Вот за это Нэйша в питомнике и не любят. За этот его вечный к смерти интерес. Он и на зверей-то смотрит так… «Оно ещё живое, или уже можно тащить в мой сарайчик?».
– Ага, – и потихоньку бочком лезу к двери. – Точно. Ну, спасибо, мне, значит, пора уже…
Устранитель наблюдает за бабочкой в банке. И кивает так, между делом. Вроде, можно спокойно уходить, но совсем расставаться с чудесными бабочками как-то жалко.
– Можно потом ещё прийти? Посмотреть.
Прямо-таки расцветает.
– Конечно.
Выскальзываю за дверь, прикрываю осторожненько. Спускаюсь обратно к Сквору.
– Обалдеть, – говорю горевестнику. – Я только что болтала о бабочках с Нэйшем!
– Жестокое сердце, – проницательно выдаёт Сквор. А меня прямо-таки распирает:с кем бы поделиться? Мел точно не поймёт, ещё и разворчится: «Нашла, с кем разговаривать – с этим чокнутым гадом…» Уна – нет, она так в меня вцепится! Всё будет выспрашивать, что и как он сказал, как смотрел и чего делал… Гриз – вот самое лучшее, только когда она вернётся…
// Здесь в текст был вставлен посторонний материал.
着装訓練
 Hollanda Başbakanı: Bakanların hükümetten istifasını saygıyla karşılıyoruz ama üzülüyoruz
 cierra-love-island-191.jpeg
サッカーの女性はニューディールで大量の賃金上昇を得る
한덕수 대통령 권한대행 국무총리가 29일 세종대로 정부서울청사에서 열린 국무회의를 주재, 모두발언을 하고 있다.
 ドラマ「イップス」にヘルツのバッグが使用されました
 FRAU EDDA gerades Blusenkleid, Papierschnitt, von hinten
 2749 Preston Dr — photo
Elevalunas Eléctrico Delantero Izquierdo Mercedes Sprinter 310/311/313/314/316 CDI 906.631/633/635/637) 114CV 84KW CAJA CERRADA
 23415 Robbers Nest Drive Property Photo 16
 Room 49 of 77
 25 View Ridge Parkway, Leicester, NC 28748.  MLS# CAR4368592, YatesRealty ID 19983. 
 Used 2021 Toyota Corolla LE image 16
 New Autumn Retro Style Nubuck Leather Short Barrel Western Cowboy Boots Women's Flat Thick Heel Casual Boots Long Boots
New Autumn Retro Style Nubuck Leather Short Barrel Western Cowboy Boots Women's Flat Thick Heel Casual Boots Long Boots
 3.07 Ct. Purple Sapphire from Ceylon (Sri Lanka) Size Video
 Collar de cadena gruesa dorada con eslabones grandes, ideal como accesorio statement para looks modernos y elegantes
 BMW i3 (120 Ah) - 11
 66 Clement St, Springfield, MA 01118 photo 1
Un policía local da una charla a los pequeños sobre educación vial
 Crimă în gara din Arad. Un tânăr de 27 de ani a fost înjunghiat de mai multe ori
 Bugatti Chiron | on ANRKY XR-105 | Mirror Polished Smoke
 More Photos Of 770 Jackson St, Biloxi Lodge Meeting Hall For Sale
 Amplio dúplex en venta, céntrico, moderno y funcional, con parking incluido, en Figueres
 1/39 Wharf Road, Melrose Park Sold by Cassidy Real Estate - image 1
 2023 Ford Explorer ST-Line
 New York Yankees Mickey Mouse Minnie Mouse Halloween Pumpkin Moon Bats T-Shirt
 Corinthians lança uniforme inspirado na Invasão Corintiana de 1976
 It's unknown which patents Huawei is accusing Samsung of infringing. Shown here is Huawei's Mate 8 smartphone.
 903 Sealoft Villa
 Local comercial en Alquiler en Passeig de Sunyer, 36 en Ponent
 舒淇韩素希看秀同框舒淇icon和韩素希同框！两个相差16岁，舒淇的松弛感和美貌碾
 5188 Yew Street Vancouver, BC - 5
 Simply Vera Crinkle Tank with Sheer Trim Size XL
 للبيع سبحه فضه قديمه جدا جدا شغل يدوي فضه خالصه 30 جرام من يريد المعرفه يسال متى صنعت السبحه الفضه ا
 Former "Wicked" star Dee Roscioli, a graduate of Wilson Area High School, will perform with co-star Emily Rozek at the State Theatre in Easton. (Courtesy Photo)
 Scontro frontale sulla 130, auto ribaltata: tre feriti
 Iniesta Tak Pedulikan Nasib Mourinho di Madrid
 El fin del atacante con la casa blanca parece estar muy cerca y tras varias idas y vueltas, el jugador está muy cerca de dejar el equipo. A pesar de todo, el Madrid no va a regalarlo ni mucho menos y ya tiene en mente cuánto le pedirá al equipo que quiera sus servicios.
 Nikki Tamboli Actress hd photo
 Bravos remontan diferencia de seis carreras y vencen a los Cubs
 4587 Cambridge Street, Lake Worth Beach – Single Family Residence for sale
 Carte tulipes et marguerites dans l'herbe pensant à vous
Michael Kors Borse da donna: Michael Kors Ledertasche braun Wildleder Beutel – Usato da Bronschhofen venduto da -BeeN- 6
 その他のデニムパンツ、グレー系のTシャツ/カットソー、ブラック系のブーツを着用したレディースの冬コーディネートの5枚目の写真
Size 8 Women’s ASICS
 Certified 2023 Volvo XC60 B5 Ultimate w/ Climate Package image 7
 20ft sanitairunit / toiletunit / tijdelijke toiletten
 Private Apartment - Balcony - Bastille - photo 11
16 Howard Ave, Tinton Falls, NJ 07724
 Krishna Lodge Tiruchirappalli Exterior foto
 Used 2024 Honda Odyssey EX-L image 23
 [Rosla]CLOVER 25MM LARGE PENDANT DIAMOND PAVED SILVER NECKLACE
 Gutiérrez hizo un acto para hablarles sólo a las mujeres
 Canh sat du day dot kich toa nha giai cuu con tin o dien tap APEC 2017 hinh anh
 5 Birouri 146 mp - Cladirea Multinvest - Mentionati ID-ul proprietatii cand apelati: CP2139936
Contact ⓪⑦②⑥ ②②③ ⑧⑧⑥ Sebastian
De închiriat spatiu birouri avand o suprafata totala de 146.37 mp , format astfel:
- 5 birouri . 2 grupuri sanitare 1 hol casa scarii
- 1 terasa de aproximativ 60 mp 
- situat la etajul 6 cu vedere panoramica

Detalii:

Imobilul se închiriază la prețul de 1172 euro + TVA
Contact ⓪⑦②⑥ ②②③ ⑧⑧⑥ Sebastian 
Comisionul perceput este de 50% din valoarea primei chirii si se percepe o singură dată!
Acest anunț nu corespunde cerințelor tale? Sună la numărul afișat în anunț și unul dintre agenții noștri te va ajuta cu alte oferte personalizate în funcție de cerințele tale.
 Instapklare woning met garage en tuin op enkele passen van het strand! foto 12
Может, Гроски? Точно, он же как-то ладит с Нэйшем, даже вот на выездах. Надо будет к нему подойти, к Гроски. Рассказать. Ну, когда он вернётся со своей этой, как её, встречи с поставщиком кормов. Сколько там о кормах-то уже можно спорить?
Если, конечно, он не просто пива в трактир попить пошёл.
ЛАЙЛ ГРОСКИ
Торговец мясом Горинг поперхнулся и закашлялся – и я его от души понимал. Во-первых, он только что впервые в жизни попробовал пивко в «Свине и свирели», и оно потихоньку разъедало ему внутренности. Во-вторых, входя в трактир он по недосмыслию высказался в духе, «фу, ну и дыра». Теперь ласковые взгляды Злобной Берты прожигали бедолаге спину.
В-третьих, я ему только что заявил, что питомник с ним расторгает контракт.
– Какого?!.. – просипел Горинг, когда нацелился вежливо похлопать его по спинке. – Я же тебе заплатил! Три процента от суммы в месяц – и ты следишь за тем, чтобы поставки оставались у меня.
Я не стал ему сообщать, что моя честно выстраданная взятка тут же ушла на закупку круп. Вместо этого лихо хватил бертиного пивка (торговец содрогнулся) и выдал своё лучшее шипение:
– Думаешь, мне это нравится, а? Терять денежки и с тобой тут посередь дня объясняться? Я всё обделал, как надо, ясно тебе? Уломал Арделл. Она согласилась было, хоть и с неохотой – ты что ей, на кнут наступил в прошлые встречи? И тут этот чёртов поставщик, как его бишь… Москен… Моксен… Припёрся со своим предложением, поволок её глядеть склады и фермы, а что я мог сделать, а?! Что я мог?!
Горинг буравил меня глазками и слизывал горькую пену с огромных, тоже похожих на пену, седых усов.
– Она, понимаешь ли, вернулась сияющей, чтоб её. И такая: о, представляешь, у него товар-то получше будет! Мясо посвежее, да и не такое костистое. Этот, чтоб его, Москен везде подмаслил, да он ей цену выставил ниже на десять процентов!
На самом деле – на восемь процентов. И только после того, как я красочно расписал, какие скидки питомнику даёт Горинг. По крайней мере, торговец не сунется проверять… оба не сунутся проверять. Эрб Горинг с Иртуром Моско лет двадцать уже враждуют.
– Да я, если ты хочешь знать, чуть ли не танцевал вокруг чёртовой варгини. Расписал тебя с ног до головы: мол, постоянный партнёр, понимающий. Но эта стерва, чтоб её, уперлась. В общем, хочешь обойти Моско – дай мне что-то, с чем можно работать. Мне, честно говоря, плевать, кто будет возить мясо в питомник… но денежку терять не хочется.
Горинг гневно пыхтел, поглядывая из-под седых бровей чёрными глазками. Почёсывал подбородок в мелких прыщиках. Подёргивал пуговицу на куртке – пуговица была выполнена под аквамарин, по последней моде.